How Convenient Banking Can Lead to Fraud

by Dana Fortini, Supervisor
Gray, Gray & Gray, LLP

Banks are bending over backward to make life easier for their customers. Extended hours, branches open on weekends, and a host of online banking services all help to save customers time. Among the most innovative and convenient of these new services is the ability to deposit checks by submitting a scanned image or digital photo of the check via a smartphone or tablet device. What could be easier?

Stealing from your employer, that’s what…
Unscrupulous employees have been caught “double dipping” by depositing a paycheck electronically, then scanning the check again and depositing it into a separate account. Since you no longer have to present the actual check, it is not physically stamped as “deposited,” and there is nothing preventing the holder of a check from repeatedly submitting it for deposit in multiple accounts.

This illicit activity came to light recently with a client of our accounting firm. During a routine reconciliation of the client’s payroll account, we discovered that one check had cleared twice. Further investigation revealed that an employee had deposited the paycheck at two different banks, using each bank’s online deposit service.

We reported this fraud, and, after some negotiation, the bank used for the payroll account has agreed to refund the money. The employee was terminated and criminal action is being considered.

This is a growing problem of which every business should be aware and alert. Had our firm not reconciled the payroll account and caught the error, the employee may have gotten away with the theft this month and in subsequent pay periods. And if one employee is attempting this double deposit, you can be sure that others are trying it as well.

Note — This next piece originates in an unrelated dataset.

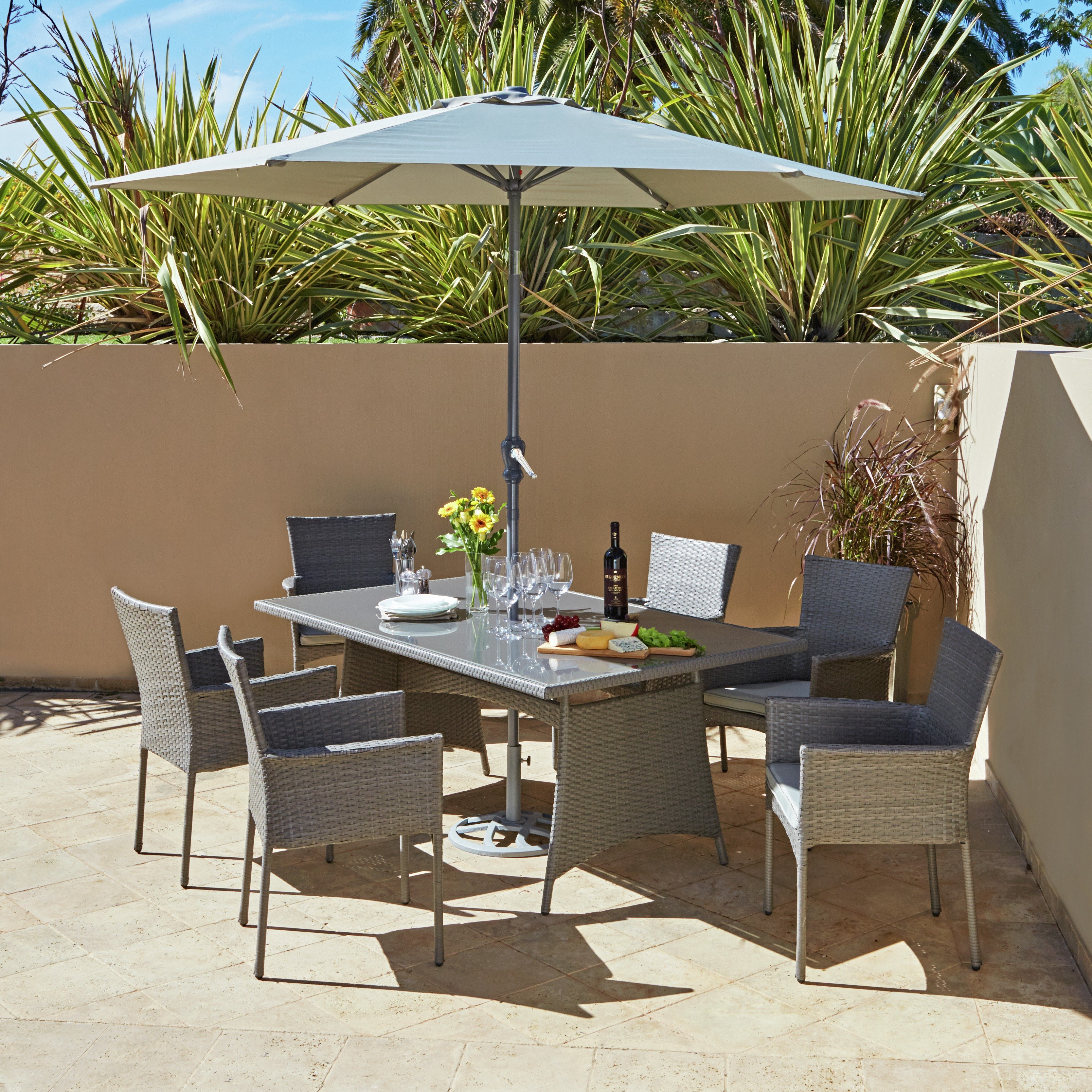 argos rattan outdoor furniture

Some employees (and others) are going so far as to use the bank routing number and account number from their paychecks to pay personal bills online using payroll account funds. We have uncovered drafts from utility companies, phone companies, and credit card companies that have been paid using stolen account information.

Major banks are aware of the problem and are working to resolve check fraud on a case-by-case basis. Many have instituted policies such as check deposit limits. But most currently have no system in place to automatically deter this type of check fraud.

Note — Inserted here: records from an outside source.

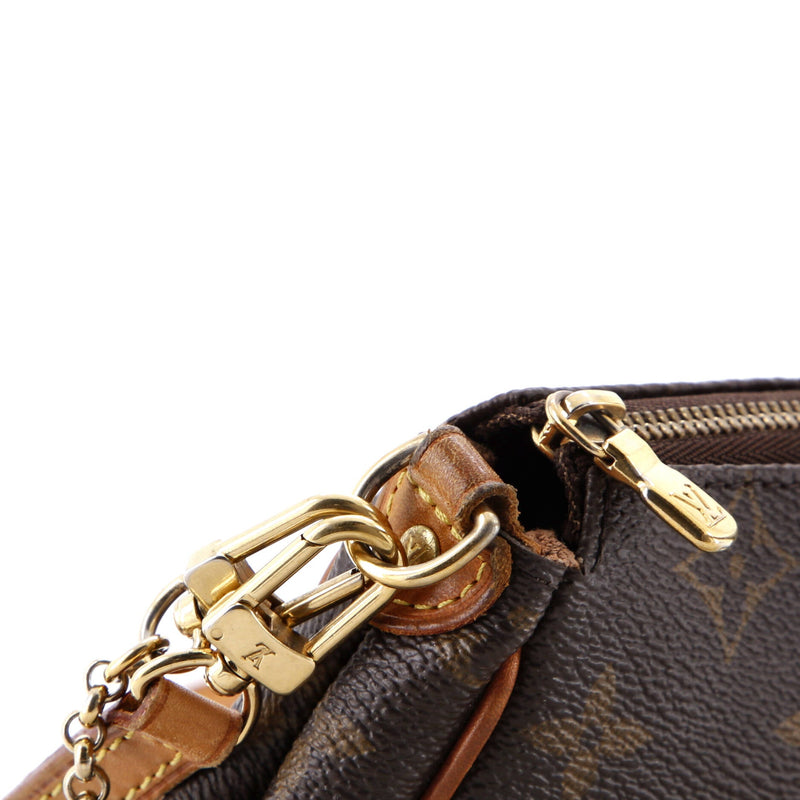Louis Vuitton Eva Handbag Canvas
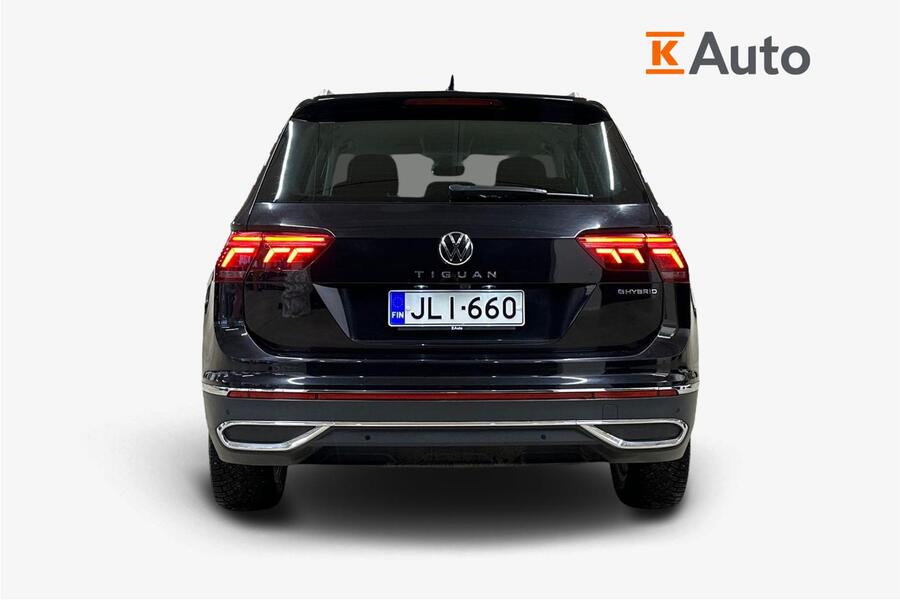 Volkswagen Tiguan vaihtoauto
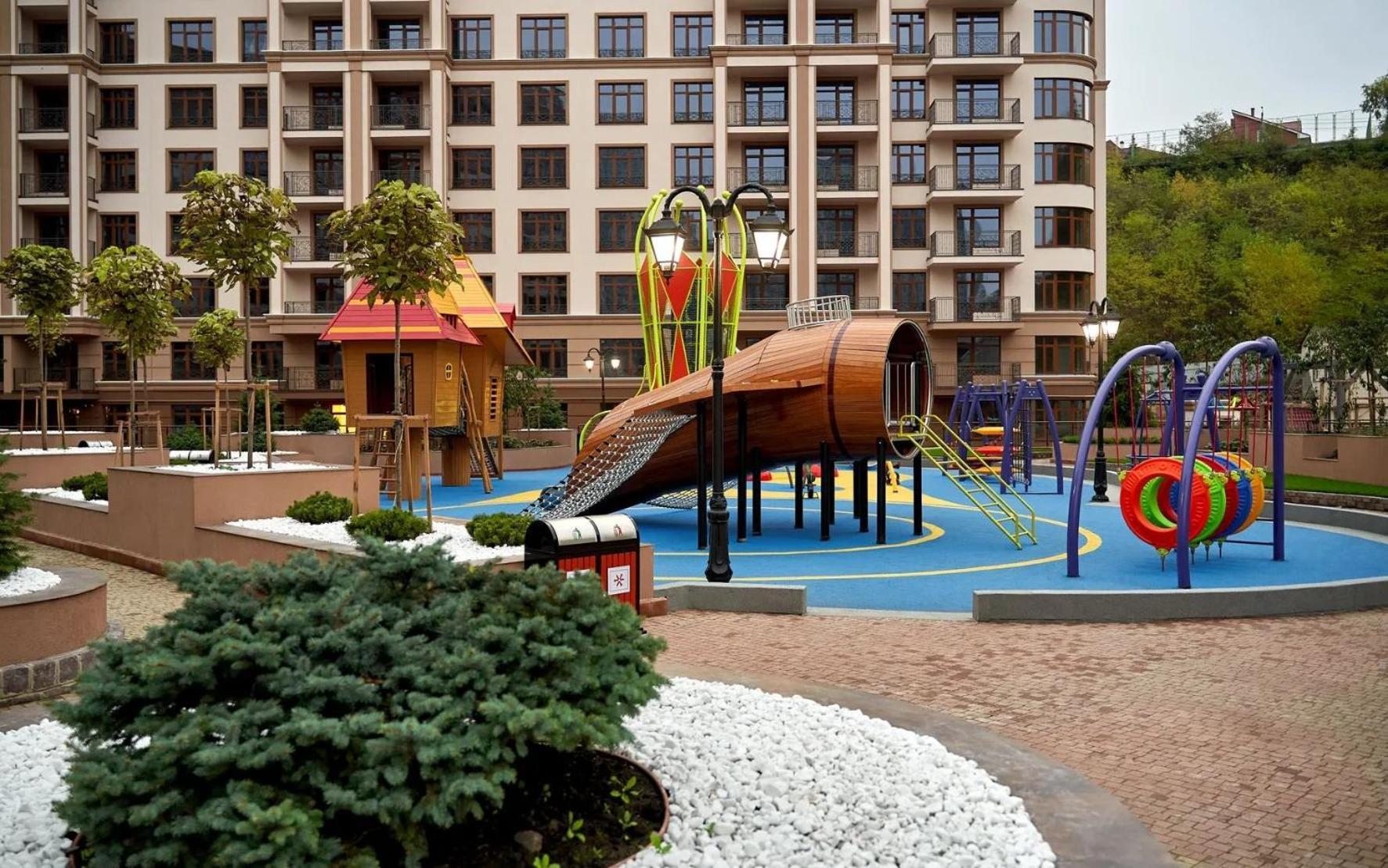 Petrovdom 2-76 Luxury Living In Rc Pechersk Plaza Κίεβο Εξωτερικό φωτογραφία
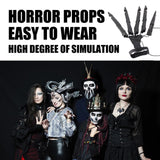 Halloween Jointed Fingers Halloween Cosplay Props Horror Joint Claw Toy for Masquerade Party - Side View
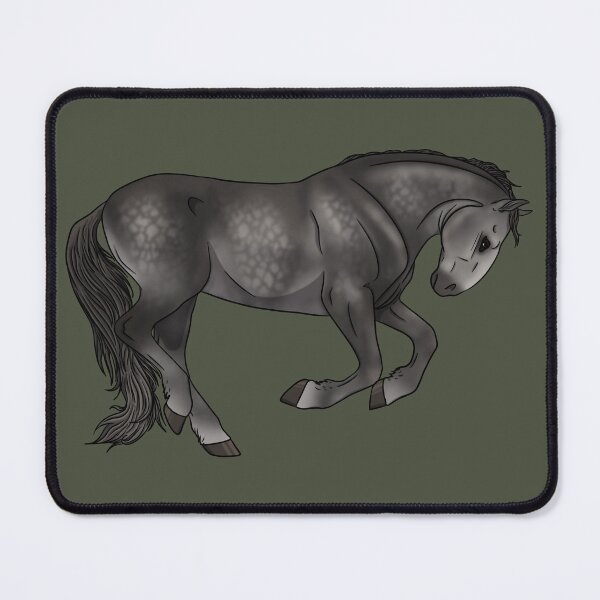 Item preview, Dapple Grey Kladruber designed and sold by Old Water Cryptid .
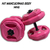 Kit Body Pump 14KG Pvc Rosa Discos con Agarres+ 2 Mancuernas + Topes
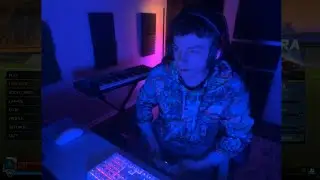 hanging out playing games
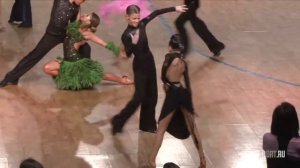 Киселёв Ярослав - Филипчук София, 1/4 Rumba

Regular bank fees do not cover this situation. Some banks are happy to sell commercial customers a service to protect against loss due to fraud, but there is an extra fee for the protection.

For now businesses are on their own. Here are some steps you can take to help prevent payroll account fraud:

  • Remember when issuing checks that your routing number and account number are all the information someone needs to access your account.
  • Review your payroll statement every month, or have your accountant do it for you. The only items clearing a payroll account should be payroll checks, direct deposit checks, and payroll taxes.
  • Reconcile the account monthly.
  • Report any discrepancies immediately to your bank.
  • Urge employees to have their wages deposited directly into their bank account, limiting the ability – and temptation – to double deposit a paper check.
  • Close and reopen payroll accounts every 1-2 years to avoid having the same account number in use – and available for fraud – for a prolonged period.

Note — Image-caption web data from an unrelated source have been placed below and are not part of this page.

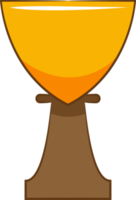 Trophy png graphic clipart design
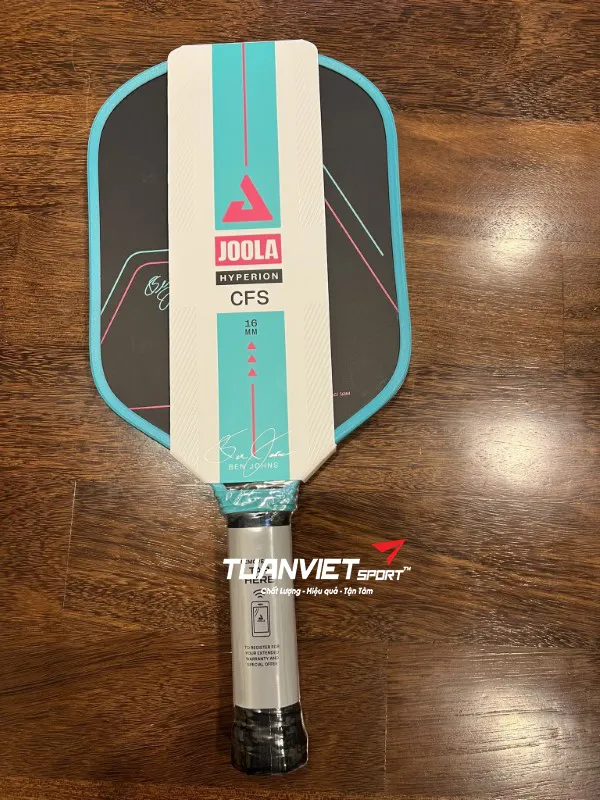 H&igrave;nh ảnh thực tế của Vợt Pickleball Joola Vice Hyperion CFS 16mm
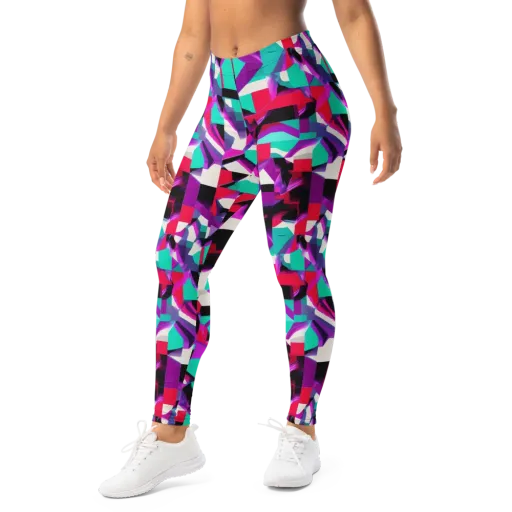Ultraviolet Blocks on a Leggings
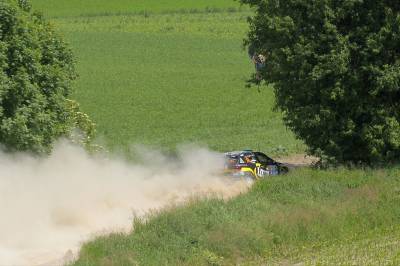 ERC JDS Machinery Rali Ceredigion Fredag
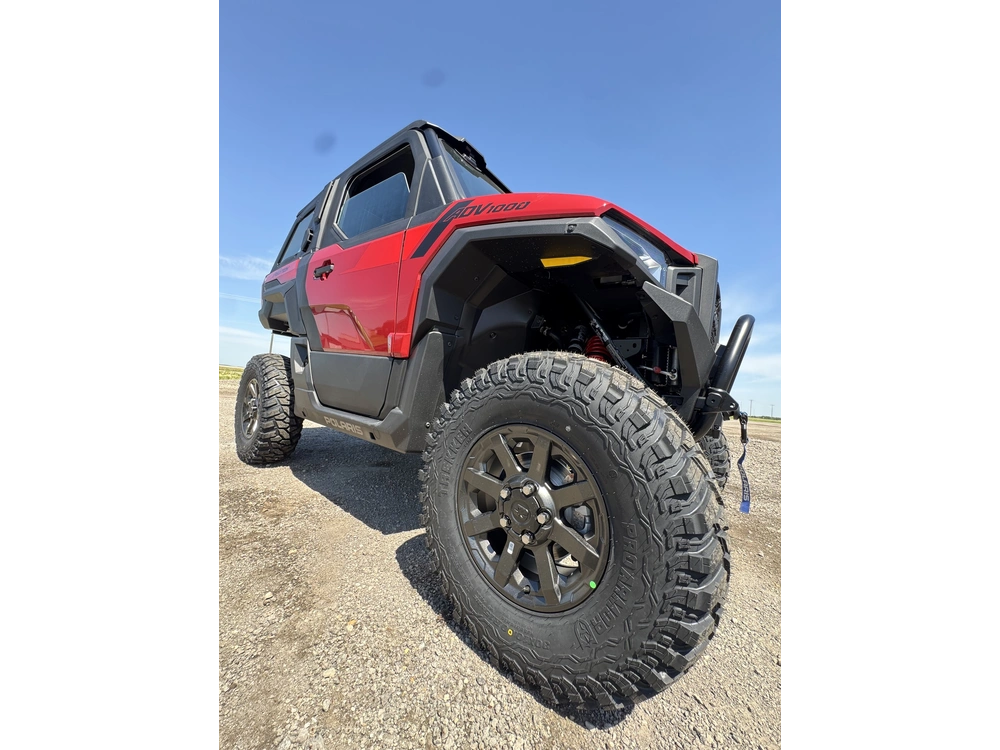2026 Polaris Xpedition Northstar Adv, Perf Red alt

Modern technology is a wonderful thing. But it requires a new level of diligence to help avoid old-fashioned greed.

Dana Fortini is a Supervisor at Gray, Gray & Gray Certified Public Accountants, Westwood, MA. Gray, Gray & Gray has served the accounting, tax, valuation and business advisory needs of businesses in a variety of industries for 68 years. The firm can be reached at (781) 407-0300, or on the web at www.gggcpas.com.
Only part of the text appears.